I would like to address these questions to offer some insight into why we chose to write this article the way we did as well as into how we at the Justice view our role as the independent student newspaper of this university.

I say "we" because no reporter writes and publishes a Justice article unilaterally; all articles are edited for content by a minimum of two editors, and I personally read every word of every article before the newspaper goes to print.

We at the Justice believe that one of a newspaper's primary duties is to keep its readership informed of important campus news, and an on-campus arrest is no exception. I believe that it was not our prerogative but our obligation to you as our readers to report on these arrests to the best of our ability.

There is no question that we acted completely within legal and journalistic standards by printing the arrested students' names. Names of arrested individuals are part of the public record and are made available to the public by law enforcement agencies. And on a less journalistically pertinent note, had we not printed the names, the public still would have been able to find them through the Waltham Police Department or with any detailed criminal background check.

Nonetheless, the editors of this newspaper did not take the decision to print the names of the arrested students lightly.

However, we concluded that the names of the students were an important aspect of the story. The students themselves were an integral part of the story, and to avoid printing the names would be to withhold crucial information from our readers.

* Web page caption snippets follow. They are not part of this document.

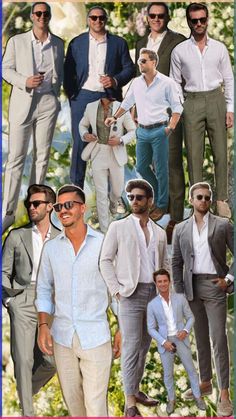 men in suits and sunglasses are posing for the camera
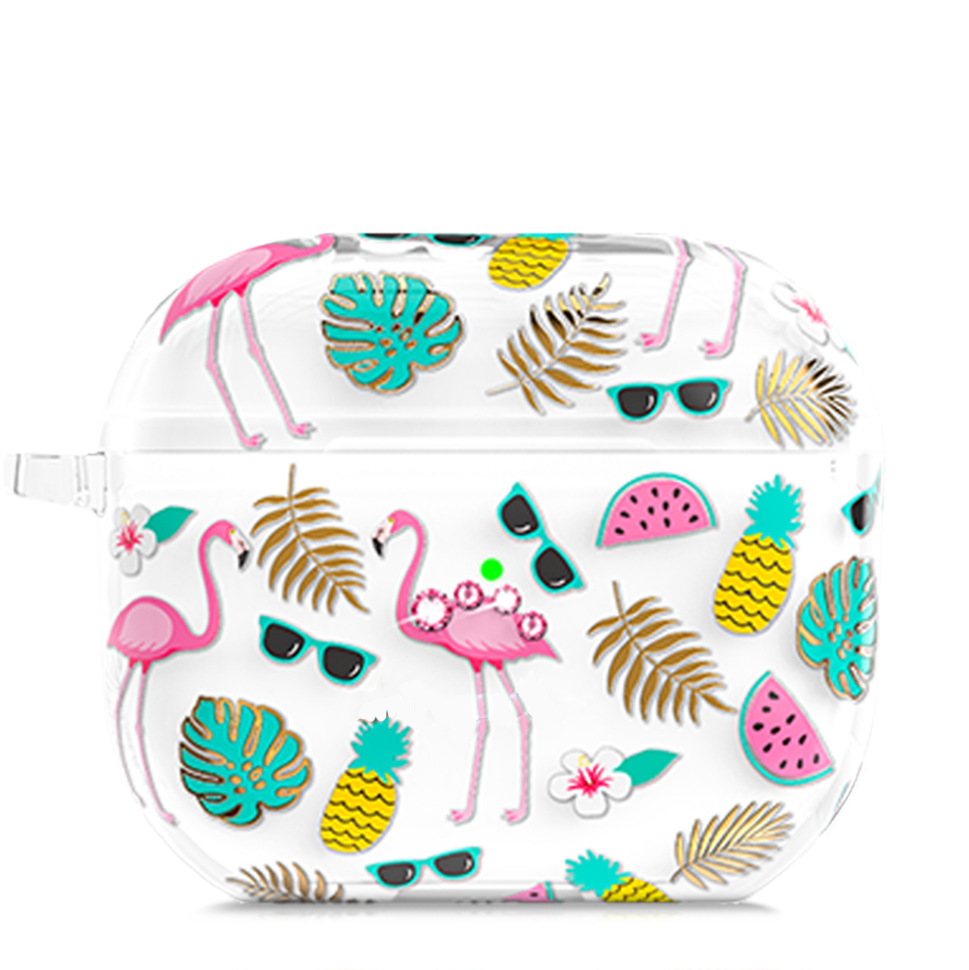 Чехол PQY Fresh для Apple Airpods 3 Flamingo  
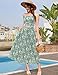 DRESSTELLS Women's 2 Piece Skirt Set, Summer Maxi Floral Crop Top Spring Flowy A Line Boho Dress Beach Long Split Outfits Set Green S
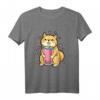 Japanisches Shiba Inu Boba Tee T-Shirt – Niedliches Hundeliebhaber Shirt für Tier- und Bubble Tea Fans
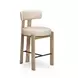 Odessa Taupe Upholstered Counter Height Stool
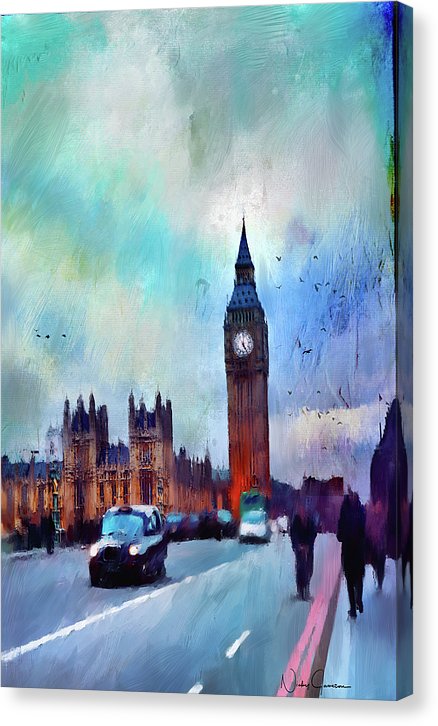 On Westminster Bridge - Canvas Print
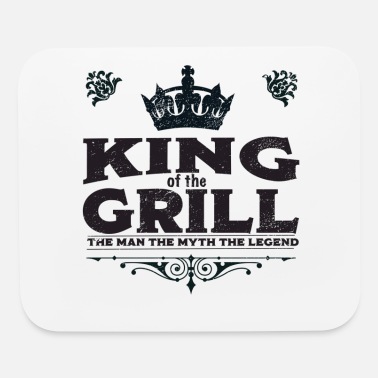 Grill Grill BBQ Funny Design - King of the Grill - Mouse Pad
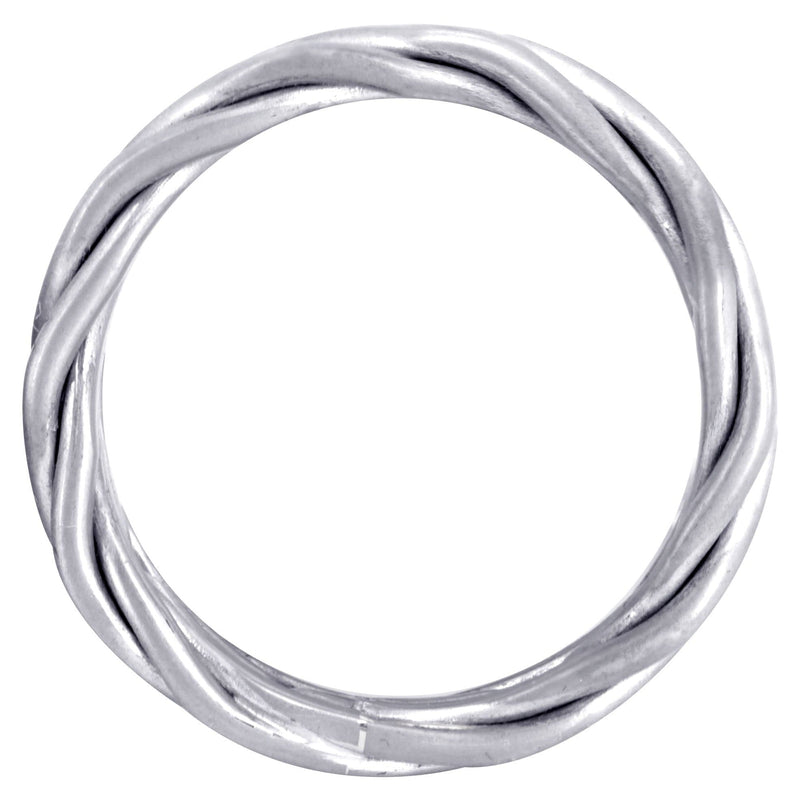 Braided Mens Wedding Band | GB Finish (Miguel)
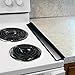 Silicone Stove Counter Gap Covers - Black (2 Pack)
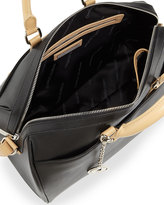 Thumbnail for your product : Charles Jourdan Dalton Two-Tone Leather Satchel Bag, Black/Neutral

Some readers have asked why we excluded the names of the police officers involved. In this story, the students acted as individuals and official charges were brought against them as individuals. In contrast, the Brandeis police officers that night operated as a department, and to date, no specific charges have been leveled against any single officer for his or her conduct. Those facts in conjunction with the totality of information we as a newspaper had on record at press time led us to print the story that we printed.

As for the issue of the perceived one-sidedness of this article: Yes, we did only publish the police account of that night's events. But we did so because both the student eyewitnesses whom we contacted and the arrested students themselves were either not available to comment or were available but elected not to comment. The Justice always strives to write articles in as balanced a fashion as possible, but we will never print unverified information. If a person or group does not give us its side of the story on the record, we cannot print it.

However, in the past week, a number of students who witnessed the arrests and the events surrounding them stepped forward for interviews, and in the interest of balancing the article and including all relevant parties' accounts, we have published another article on this story in this issue.

As I mentioned earlier, we take significant care to attribute all information that is not common knowledge to the source from which we acquired that information; this is true for all of our content, from articles to photos. In last week's article, we never claim to know the facts of what happened that night: We provide attributed information based on interviews and public record. Our job is to get at the truth, and we did our best to do so. We had access to a limited amount of information, and to the best of our knowledge, that was the story. In our follow-up article, we include new information that has surfaced since.

Our news articles do not make judgments about the stories they cover. We do not decide who is innocent or guilty. Put another way, we do not attempt to convict anyone by reporting on arrests; likewise, we do not attempt to protect anyone, especially by withholding names.

I hope this clears up some questions that have been raised in the past week. We appreciate feedback on articles, both positive and negative. We always strive to improve our coverage in order to best serve the Brandeis community.